Scaled metal forming experiments: A transport equation approach
Journal: International Journal of Solids and Structures
Publication Date: 04 July, 2017
School of: Mechanical, Aerospace and Civil Engineering
The space for scaled experimentation
Presently there exists one universal theory underpinning scaled experimentation called dimensional analysis which was established just over a century ago. Although widely used, dimensional analysis has proven insufficient for the analysis of complex industrial processes and in particular thermomechanical processes such as metal forming. Research at the University of Manchester has led to the discovery of a new concept founded on the scaling of space itself. The new concept is relatively simple to visualise, where one imagines any object or process or machine being distorted by the expansion or contraction of space. This research answers a question of critical importance by demonstrating that behaviour in a scaled space matches the behaviour that might occur in a scaled experiment.
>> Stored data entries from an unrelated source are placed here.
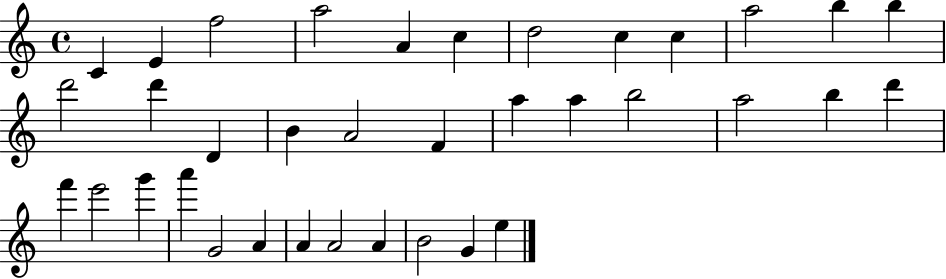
C4/q E4/q F5/h A5/h A4/q C5/q D5/h C5/q C5/q A5/h B5/q B5/q D6/h D6/q D4/q B4/q A4/h F4/q A5/q A5/q B5/h A5/h B5/q D6/q F6/q E6/h G6/q A6/q G4/h A4/q A4/q A4/h A4/q B4/h G4/q E5/q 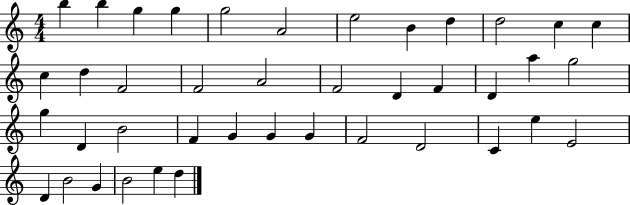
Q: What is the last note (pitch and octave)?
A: D5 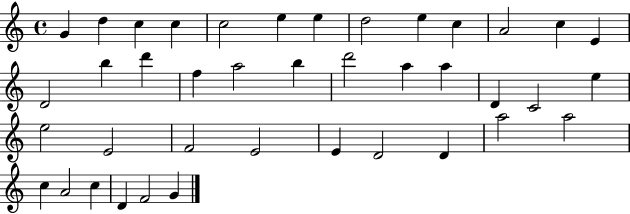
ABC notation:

X:1
T:Untitled
M:4/4
L:1/4
K:C
G d c c c2 e e d2 e c A2 c E D2 b d' f a2 b d'2 a a D C2 e e2 E2 F2 E2 E D2 D a2 a2 c A2 c D F2 G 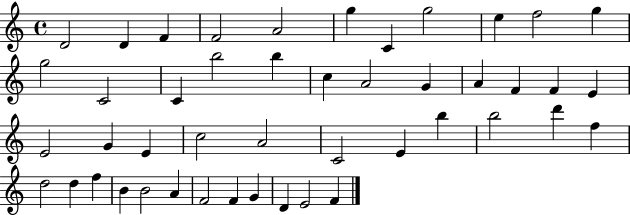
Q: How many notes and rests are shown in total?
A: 46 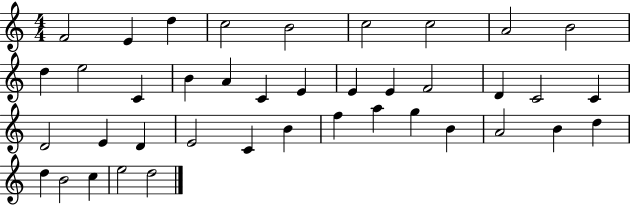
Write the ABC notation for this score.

X:1
T:Untitled
M:4/4
L:1/4
K:C
F2 E d c2 B2 c2 c2 A2 B2 d e2 C B A C E E E F2 D C2 C D2 E D E2 C B f a g B A2 B d d B2 c e2 d2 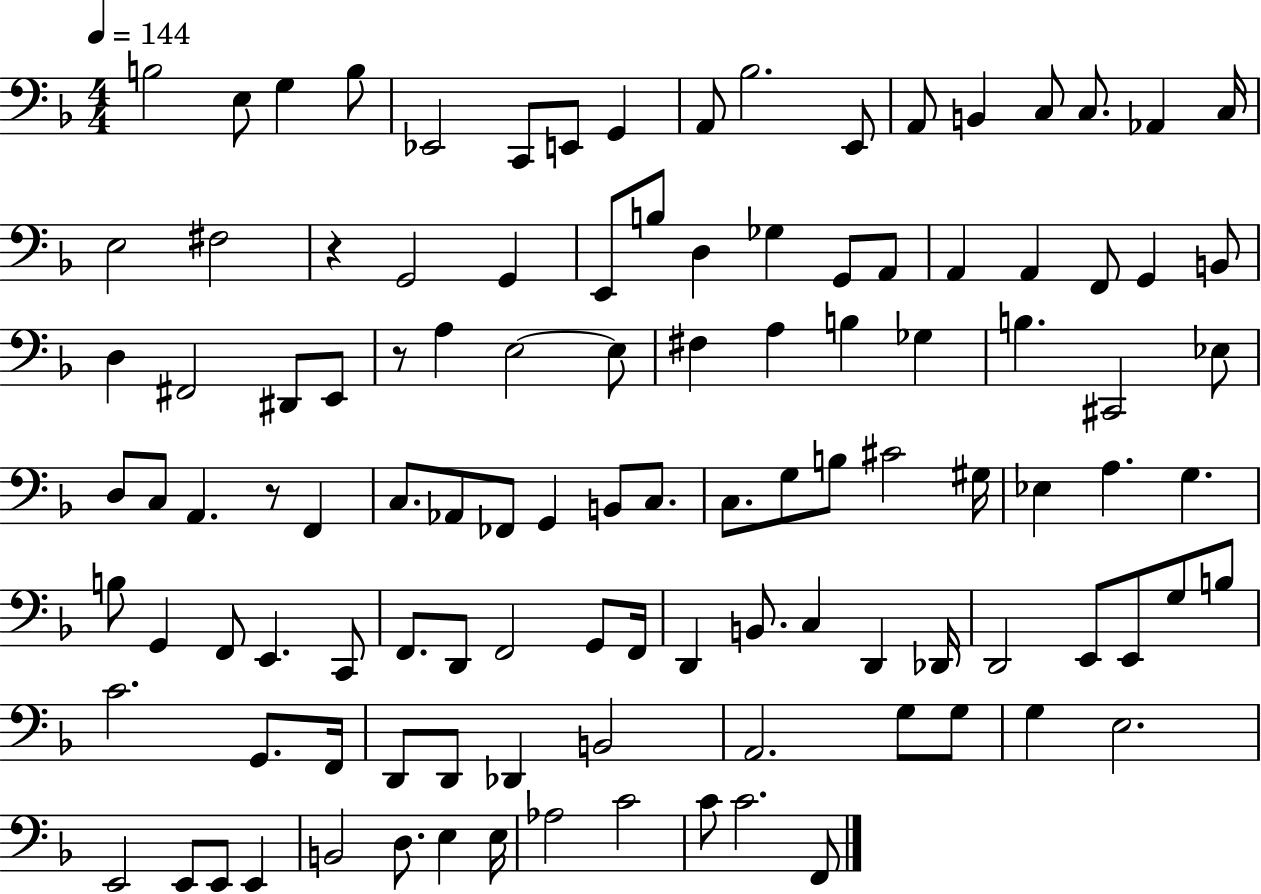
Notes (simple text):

B3/h E3/e G3/q B3/e Eb2/h C2/e E2/e G2/q A2/e Bb3/h. E2/e A2/e B2/q C3/e C3/e. Ab2/q C3/s E3/h F#3/h R/q G2/h G2/q E2/e B3/e D3/q Gb3/q G2/e A2/e A2/q A2/q F2/e G2/q B2/e D3/q F#2/h D#2/e E2/e R/e A3/q E3/h E3/e F#3/q A3/q B3/q Gb3/q B3/q. C#2/h Eb3/e D3/e C3/e A2/q. R/e F2/q C3/e. Ab2/e FES2/e G2/q B2/e C3/e. C3/e. G3/e B3/e C#4/h G#3/s Eb3/q A3/q. G3/q. B3/e G2/q F2/e E2/q. C2/e F2/e. D2/e F2/h G2/e F2/s D2/q B2/e. C3/q D2/q Db2/s D2/h E2/e E2/e G3/e B3/e C4/h. G2/e. F2/s D2/e D2/e Db2/q B2/h A2/h. G3/e G3/e G3/q E3/h. E2/h E2/e E2/e E2/q B2/h D3/e. E3/q E3/s Ab3/h C4/h C4/e C4/h. F2/e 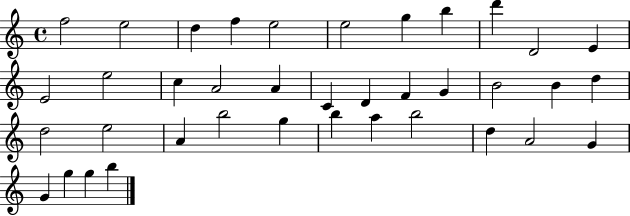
X:1
T:Untitled
M:4/4
L:1/4
K:C
f2 e2 d f e2 e2 g b d' D2 E E2 e2 c A2 A C D F G B2 B d d2 e2 A b2 g b a b2 d A2 G G g g b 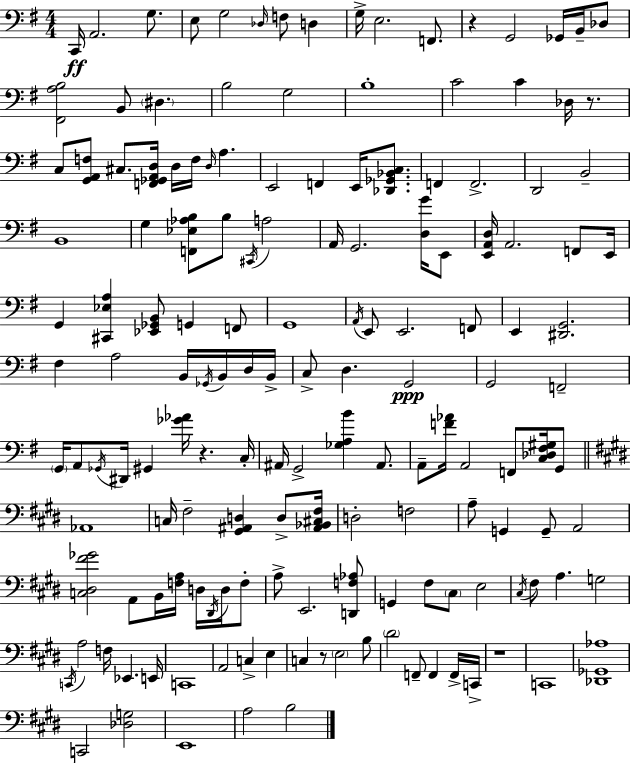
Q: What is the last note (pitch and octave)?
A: B3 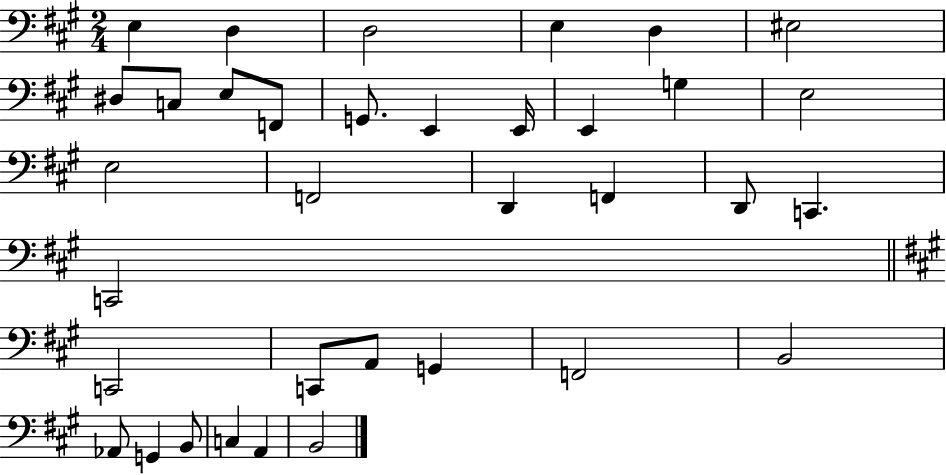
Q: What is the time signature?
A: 2/4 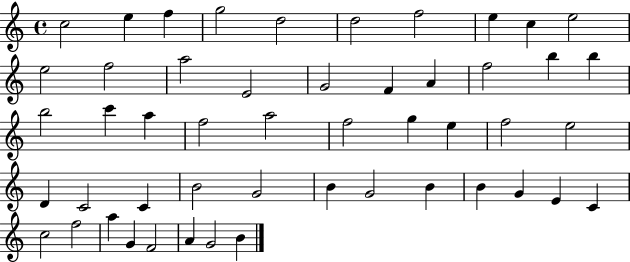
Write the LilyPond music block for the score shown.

{
  \clef treble
  \time 4/4
  \defaultTimeSignature
  \key c \major
  c''2 e''4 f''4 | g''2 d''2 | d''2 f''2 | e''4 c''4 e''2 | \break e''2 f''2 | a''2 e'2 | g'2 f'4 a'4 | f''2 b''4 b''4 | \break b''2 c'''4 a''4 | f''2 a''2 | f''2 g''4 e''4 | f''2 e''2 | \break d'4 c'2 c'4 | b'2 g'2 | b'4 g'2 b'4 | b'4 g'4 e'4 c'4 | \break c''2 f''2 | a''4 g'4 f'2 | a'4 g'2 b'4 | \bar "|."
} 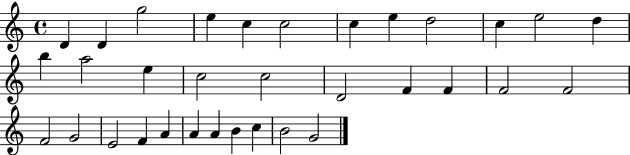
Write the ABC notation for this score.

X:1
T:Untitled
M:4/4
L:1/4
K:C
D D g2 e c c2 c e d2 c e2 d b a2 e c2 c2 D2 F F F2 F2 F2 G2 E2 F A A A B c B2 G2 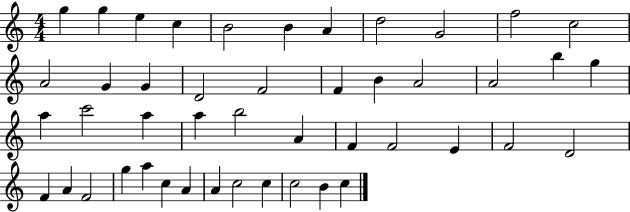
X:1
T:Untitled
M:4/4
L:1/4
K:C
g g e c B2 B A d2 G2 f2 c2 A2 G G D2 F2 F B A2 A2 b g a c'2 a a b2 A F F2 E F2 D2 F A F2 g a c A A c2 c c2 B c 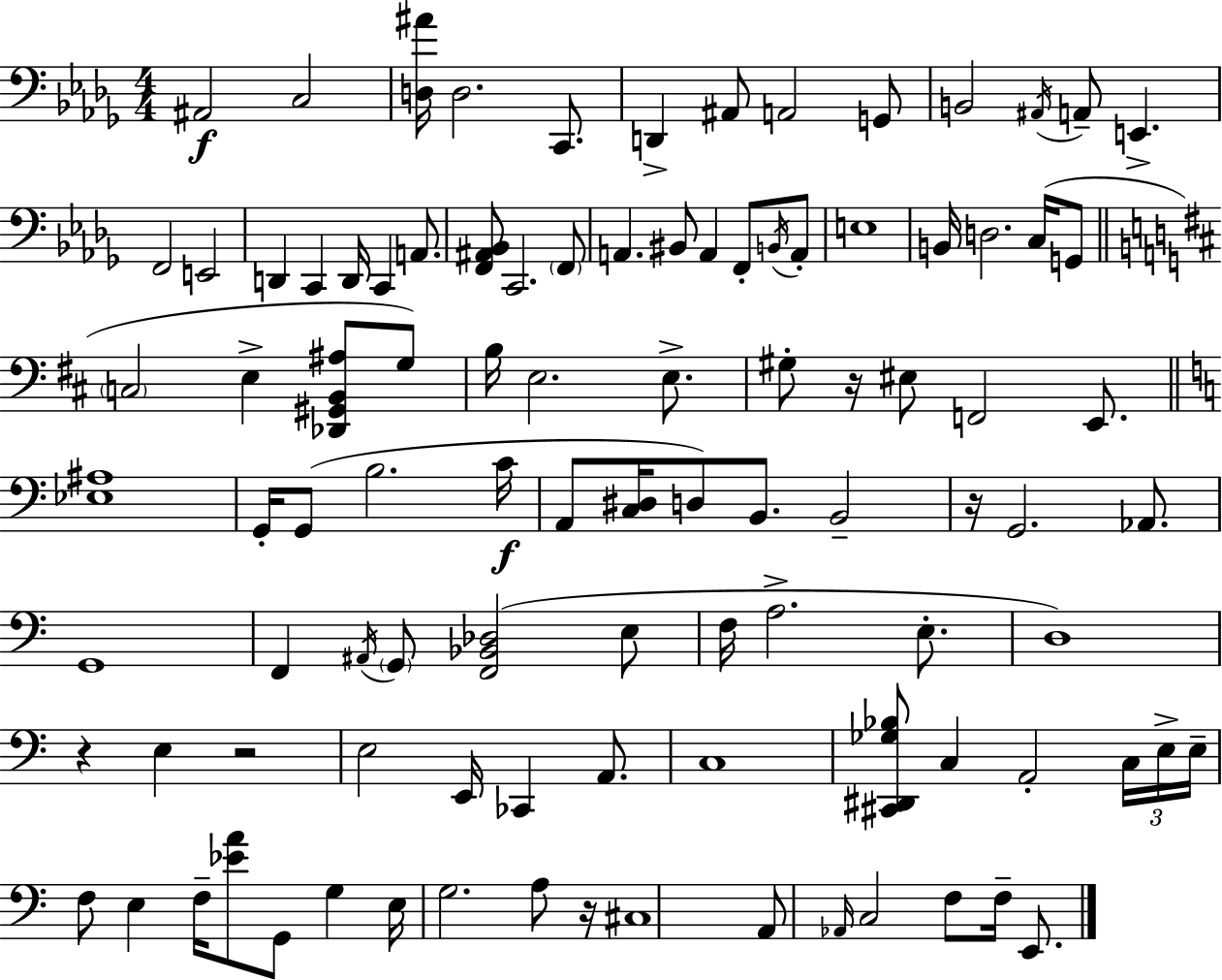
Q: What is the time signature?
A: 4/4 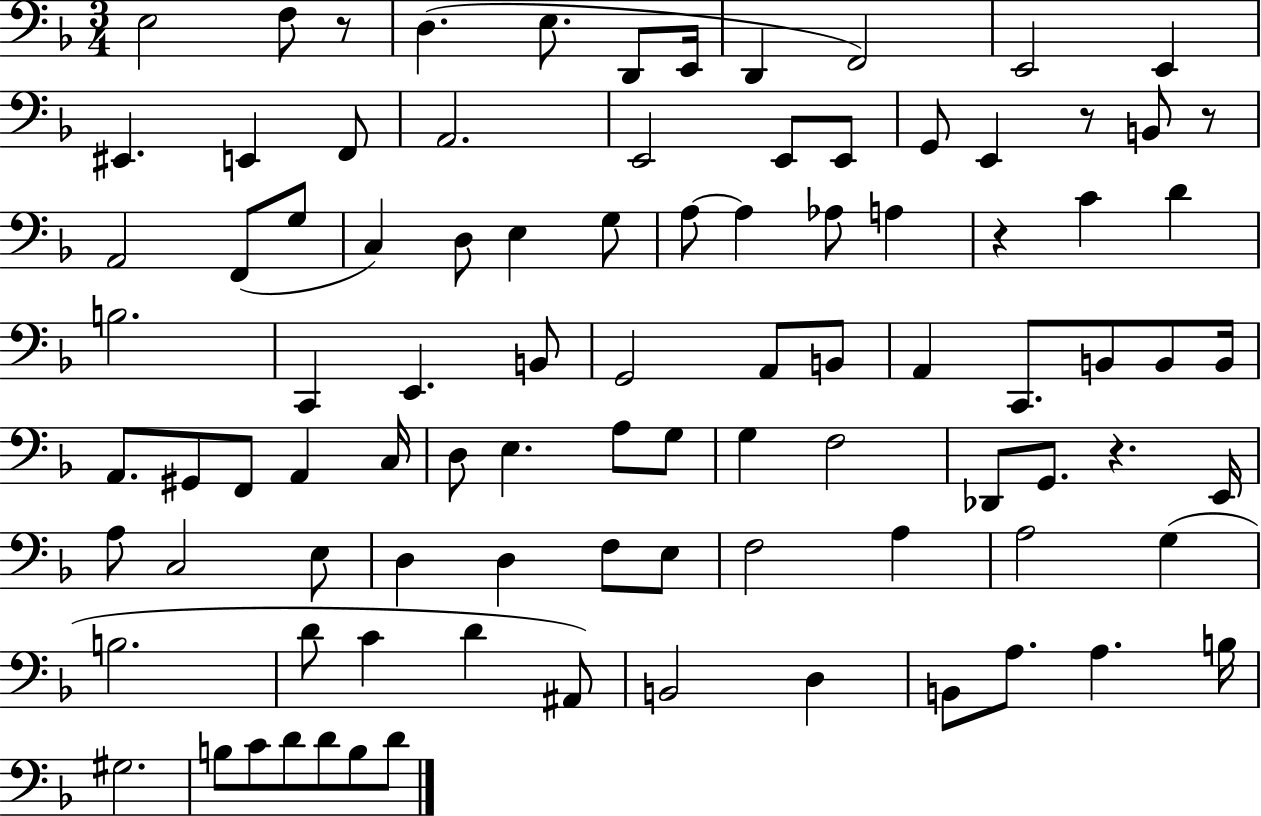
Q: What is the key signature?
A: F major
This approach to matching of physics is termed finite similitude and has been established for all continuum mechanics, which is a significant development. Implementation work is ongoing in the areas of biomechanics (artificial bone replication), powder metallurgy, shock physics, and porous materials. The approach is also expected to lead to application in manufacturing practice and currently thermomechanical forming processes (e.g. open and closed die hot forging) are being investigated.
- The work presents the first use of space distortion for scaled experimentation.
- Finite similitude can defined to be the physics observed by observers without access to absolute scales of measurement.
- It is possible to scale thermomechanical processes despite the contrary view expressed in the research literature.